DIRECTIONS FOR THIS TASK -> Could you retype the lines below, starting at the line holding "Traktör tarlada 200" and stopping at the line holding "物件内観写真20　(玄関)", inclusive? Copy them exactly and drop the images.

---- SOURCE DATA

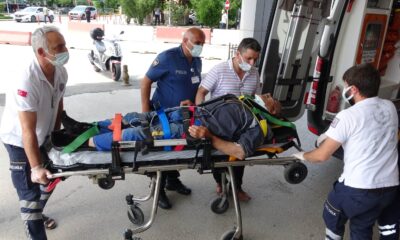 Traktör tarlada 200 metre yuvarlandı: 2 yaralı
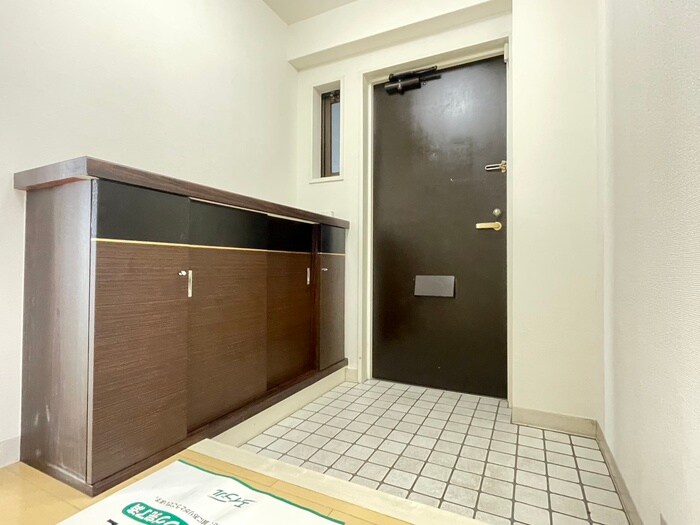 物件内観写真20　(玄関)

--------
---- SOURCE DATA

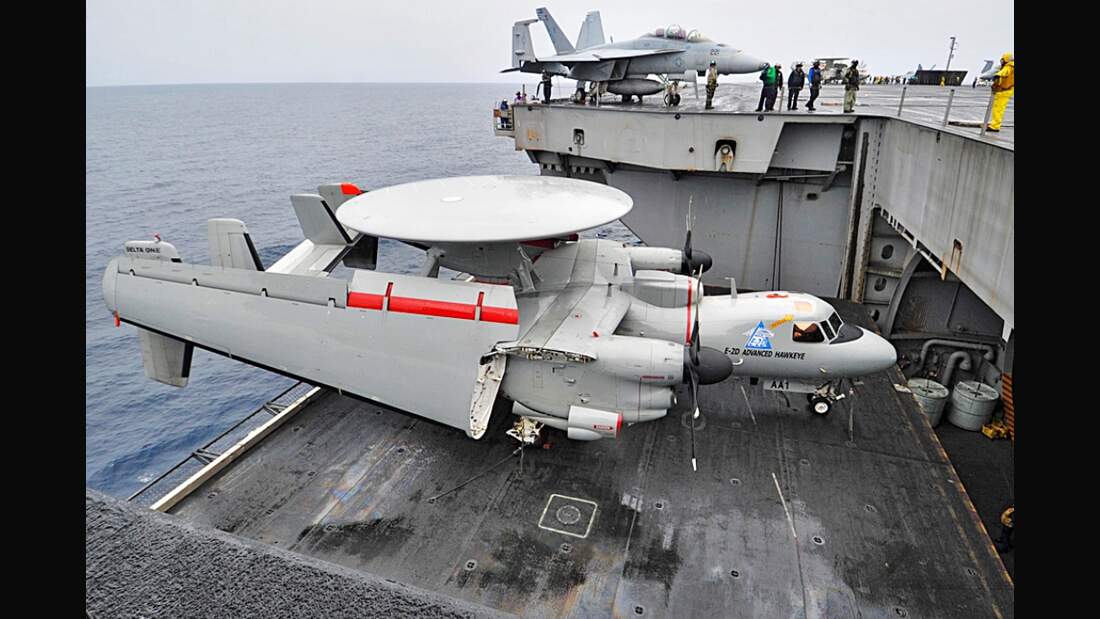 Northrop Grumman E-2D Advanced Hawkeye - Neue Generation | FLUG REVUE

--------
---- SOURCE DATA

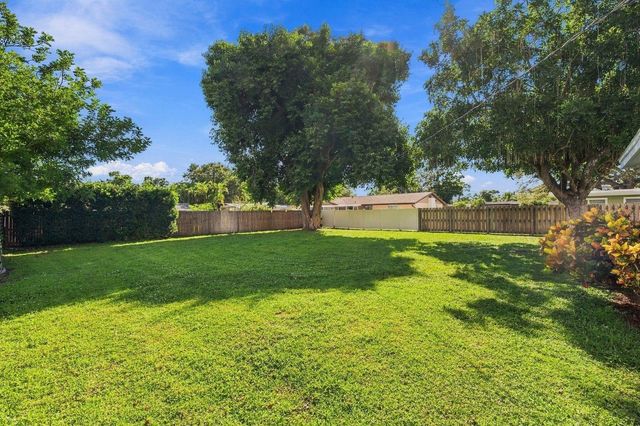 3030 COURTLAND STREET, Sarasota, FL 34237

--------

REPLY ->
 Traktör tarlada 200 metre yuvarlandı: 2 yaralı
 物件内観写真20　(玄関)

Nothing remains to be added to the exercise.